- Born: 27 July 1955 (age 70)

Curling career
- Member Association: Kazakhstan
- World Mixed Doubles Championship appearances: 2 (2016, 2017)
- European Championship appearances: 3 (2004, 2005, 2006)
- Pacific-Asia Championship appearances: 7 (2012, 2014, 2015, 2016, 2017, 2018, 2021)
- Other appearances: World Mixed Championships: 4 (2015, 2016, 2017, 2018) European Mixed Championships: 1 (2006) Asian Winter Games: 1 (2007) World Senior Championships: 3 (2015, 2017, 2019)

Medal record
| Curling |

= Viktor Kim =

Kazakhstani curler and coach (born 1955)

Viktor Georgievich Kim (Виктор Георгиевич Ким; born 27 July 1955) is a Kazakhstani curler and curling coach.

==Curling career==
On the international level, he played (almost always as skip) for Kazakhstan's national men's team at six Pacific Curling Championships (2012, 2014, 2015, 2016, 2017, 2018), three European Curling Championships (2004, 2005, 2006) and one Asian Winter Games (2007). He also represented Kazakhstan at two World Mixed Doubles Curling Championships (2016, 2017), four World Mixed Curling Championships (2015, 2016, 2017, 2018), and one European Mixed Curling Championship (2006). He competed at three World Senior Curling Championships (2015, 2017, 2019).

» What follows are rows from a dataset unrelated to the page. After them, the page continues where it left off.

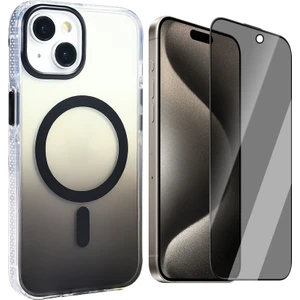 iPhone 13 Kılıf M-safe Şarj Özellikli Transparan Renk Geçişli Zore Toros Kapak + Hayalet Ekran Koruyucu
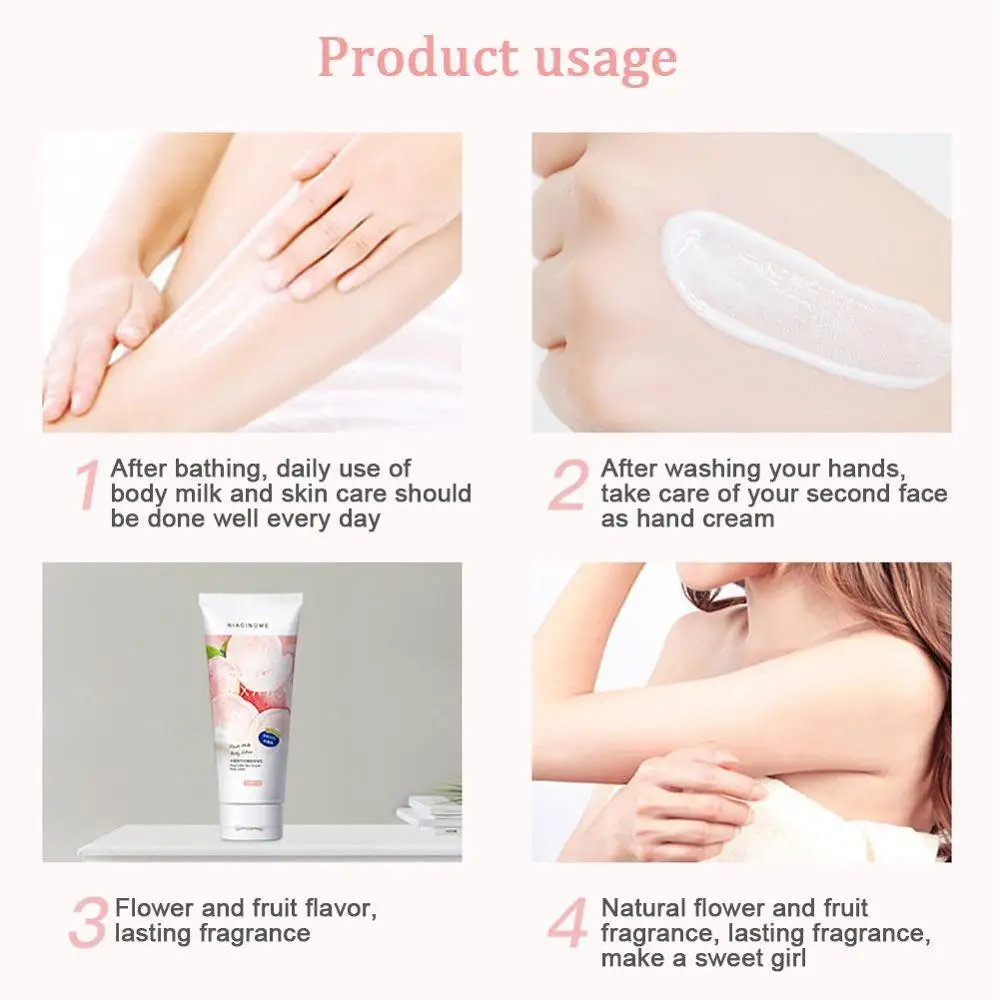 

peach body lotion brightens skin tone moisturizes skin lasts fragrance milk body cream 1pcs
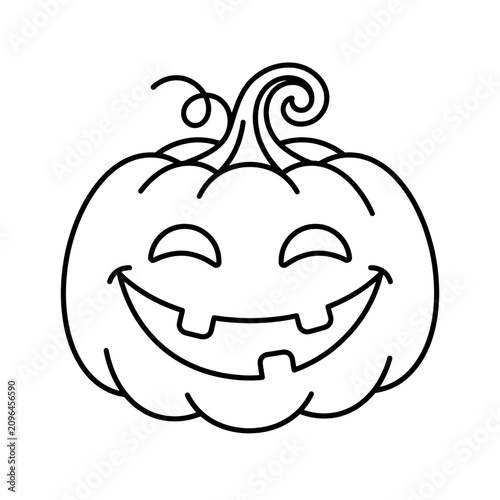 Smiling jack o lantern pumpkin icon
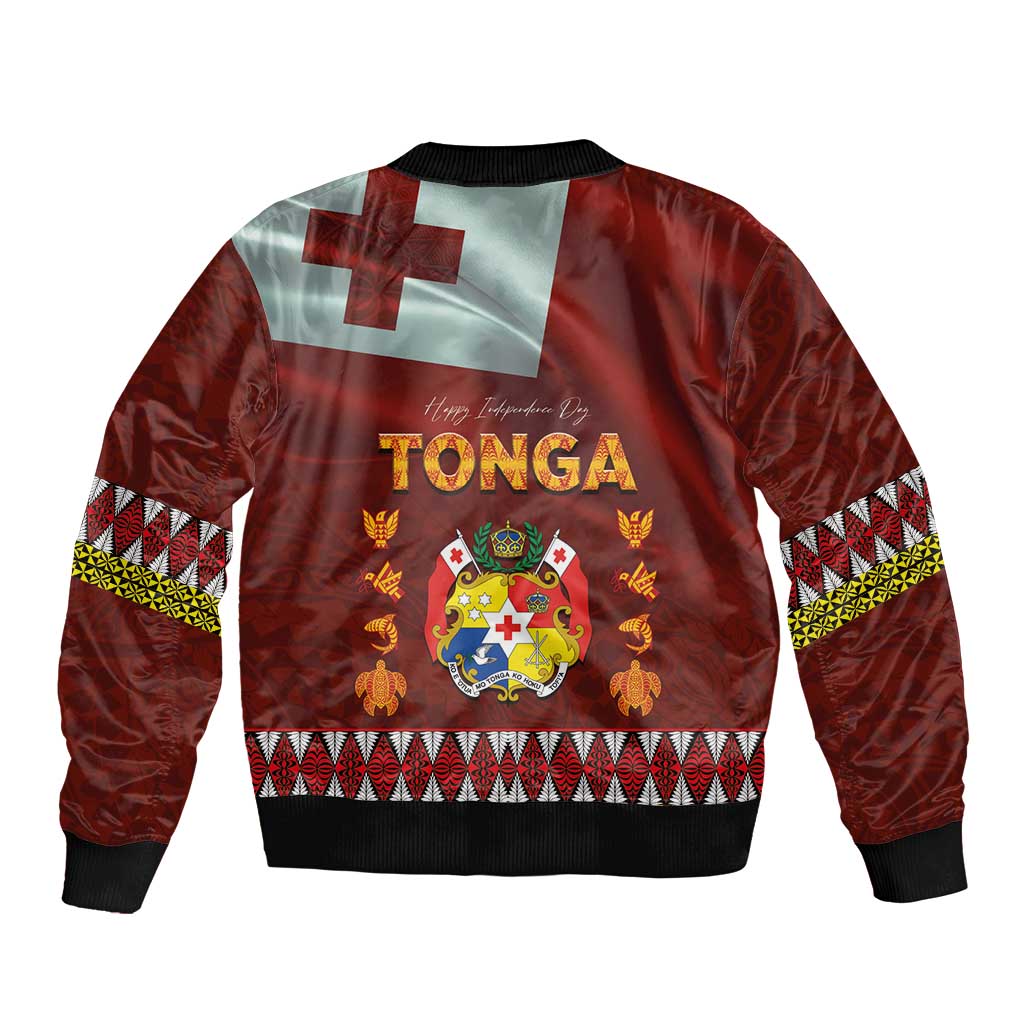 Tonga Independence Day Bomber Jacket National Flag and Emblem with Ngatu Art Pattern LT03 - Polynesian Pride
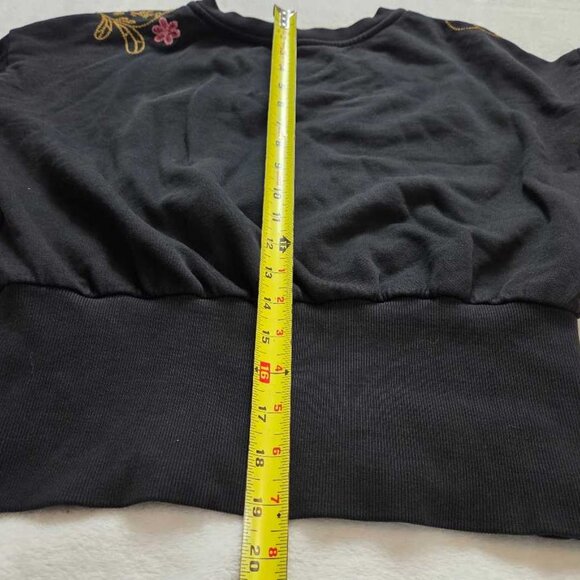 S By Anthropologie embroidered floral sweatshirt sweater in black - Picture 10 of 11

He was also the coach of various Kazakhstani national curling teams at many international curling tournaments.

He is the "founder of Kazakhstani curling": after he saw the curling competition at the 1998 Winter Olympics in Nagano, he founded the Kazakhstan Curling Association in 2003 and he is the Secretary General of this Association. He is a member of the National Olympic Committee of the Republic of Kazakhstan.

He started curling in 2003. His first coach was Russian curler and coach Alexander Kirikov.

In a game against Canada at the 2019 World Senior Curling Championships, Kim was suspended from the match, and was later ejected from the tournament due to an incident involving an on-ice official.

==Personal life==
Kim is a Koryo-saram, and he lives in Kazakhstan. His son Daniel Kim is also a curler and curling coach. Viktor and Daniel played on the same team many times, for example, at the 2015 Pacific-Asia Curling Championships.